Regular readers of this blog may already know that I’m a big fan of Marsha Hoffman Rising. I’ve written several posts about her work. Today’s review is about a four-volume work, which was the result of 16 years of undoubtedly dogged research. Epic in its span, rich in its depth, and impressive in its sourcing this series is a goldmine of resources for anyone searching early Missouri settlers – OR,OR ancestors that migrated through Missouri to settle further west.
Her biography tells us that she is a sociologist by education and profession. She was a sociology professor at a university in Southwest Missouri. So she approaches her genealogy research from the angle not of a genealogist but as a researcher of families and communities and their behaviors in aggregate. Her goal in commencing this research was to determine if family origins could be determined by researching the subject’s friends, associates, and neighbors – a genealogy process that is taken as a given truism now.
She went to the Springfield, Missouri Land Office and identified the first 1,000 – one thousand! – families, who purchased land in the Ozarks. She explains that in order to get 1,000 unique families she examined more than 1,300 land purchases. Then starting from simply the land purchase records – the patents – and a name, she attempted to find the families’ origins. She was able to identify the birth place of 857 of the 1,000 families in her designated sample. Amazing.
She summarizes her findings with a table of origins: 220 were from Tennessee, 173 from North Carolina, 164 from Virginia, 132 from Kentucky and so on. She continues with conclusions about the average age at the time of land purchase (younger than New Englanders), age at marriage (younger than New Englanders), slavery, financial worth, and number of children (more than New Englanders).
But what about the genealogy?
While you and I may find the above interesting, we are not sociologists and our interest is genealogy. Hoffman Rising has built exceptionally rich profiles – she declares they are not genealogies as they don’t meet the purest of standards – of the 857 families she researched. I’ll take her “profiles” any day. By way of example, let me show you what she’s done.
John Biggs was born about 1803 in Tennessee; m. Nancy (-?-) born about 1800 in Tennessee.
Land: NE1/4 of NE1/4 section 6 township 28 range 22 containing 41.28 acres. This tract is southwest of Springfield on wilson Creek. John Biggs applied for the E1/2 of the SW 1/4 of S6-T28-R22 under the Preemption Act of 1838 on 30 November of the same year. Adam Biggs and John Rober(t)son attested that John had a wife and family, as well as the required cabin and improvements. He received certificate (patent) #746, but for an unknown reason, it was cancelled and his money refunded.
Origin: Lincoln County, Tennessee
(Research) John’s connection to Lincoln County was established from his associations with Adam Biggs and John Robertson, both of Green County Missouri, and earlier of Lincoln. There is little doubt that John Biggs left Tennessee because of economic circumstances.

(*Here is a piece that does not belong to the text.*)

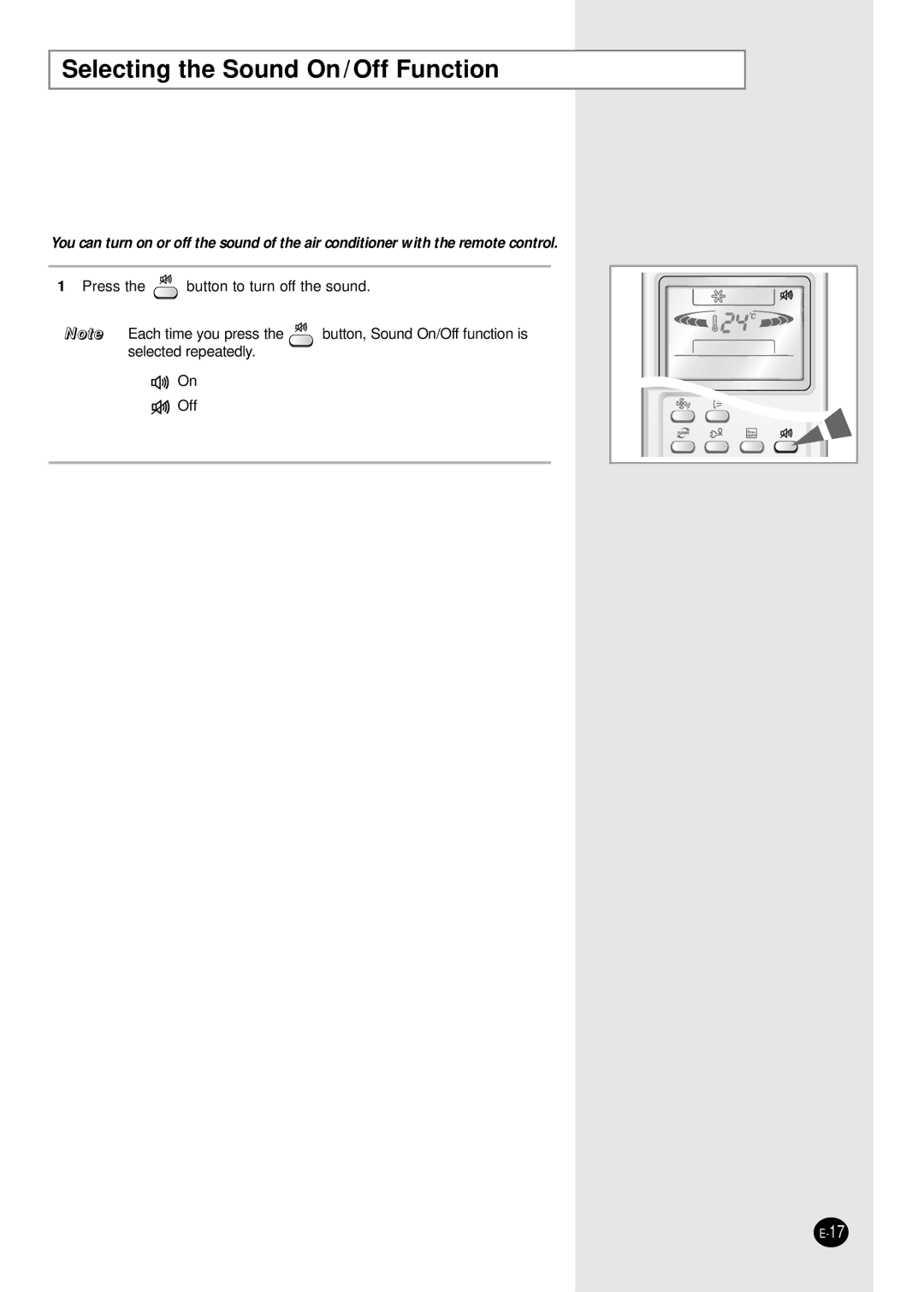 Samsung AS09HPBN/SER manual Selecting the Sound On / Off Function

Hoffman Rising continues for a full two pages describing 1) the records she found and where she found them, 2) the connections she made between records and facts, 3) her logic, assumptions, and questions about the information she found, 4) where she didn’t find the subject and what that may or may not mean, all of which leads to 5) a stunning profile of her research methodology and a profile of the subject. On this particular subject she includes the next generation with information on where they may have settled and/or led the rest of their lives.

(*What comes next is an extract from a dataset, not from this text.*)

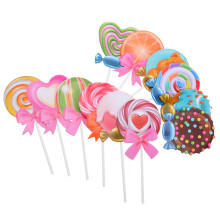 9Conjuntos Itens Decoração Bolo Candyland Festa Multicolorida
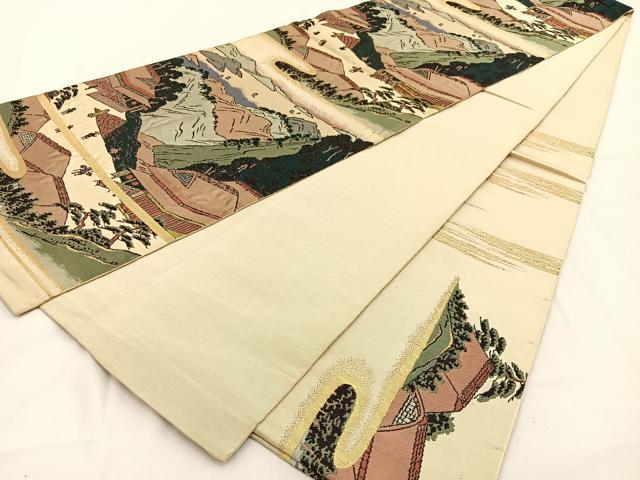 平和屋着物◎六通柄袋帯 唐織 人物風景文 金糸 正絹 逸品 BAAW0072hj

If you’re looking for research on the first families of SW Missouri, you couldn’t do better that these works.
But don’t discount this series if your ancestors didn’t live or migrate through SW Missouri. The series can still be very, very helpful if you want to understand how she does the research and leverages friends, associates and neighbors to find birth origins – a tool and technique we can all benefit from.